>>

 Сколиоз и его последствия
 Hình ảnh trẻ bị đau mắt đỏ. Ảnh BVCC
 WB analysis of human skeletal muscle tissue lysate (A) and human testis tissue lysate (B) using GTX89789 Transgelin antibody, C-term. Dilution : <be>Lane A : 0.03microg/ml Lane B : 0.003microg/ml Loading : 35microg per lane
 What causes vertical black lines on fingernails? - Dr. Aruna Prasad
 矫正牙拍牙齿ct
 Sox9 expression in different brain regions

<<
>>

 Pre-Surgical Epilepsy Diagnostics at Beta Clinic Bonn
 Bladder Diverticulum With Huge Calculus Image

<<
>>

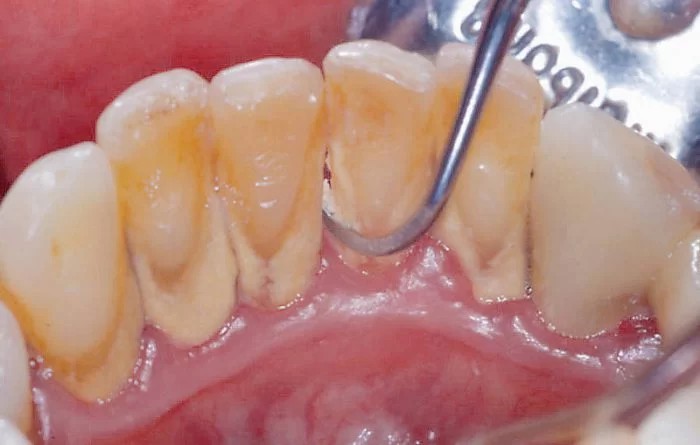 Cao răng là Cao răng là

<<

Retype, in the same exact form, the lines of the material above from the line holding "Сколиоз и его последствия" through the line holding "Sox9 expression in different brain regions".

 Сколиоз и его последствия
 Hình ảnh trẻ bị đau mắt đỏ. Ảnh BVCC
 WB analysis of human skeletal muscle tissue lysate (A) and human testis tissue lysate (B) using GTX89789 Transgelin antibody, C-term. Dilution : <be>Lane A : 0.03microg/ml Lane B : 0.003microg/ml Loading : 35microg per lane
 What causes vertical black lines on fingernails? - Dr. Aruna Prasad
 矫正牙拍牙齿ct
 Sox9 expression in different brain regions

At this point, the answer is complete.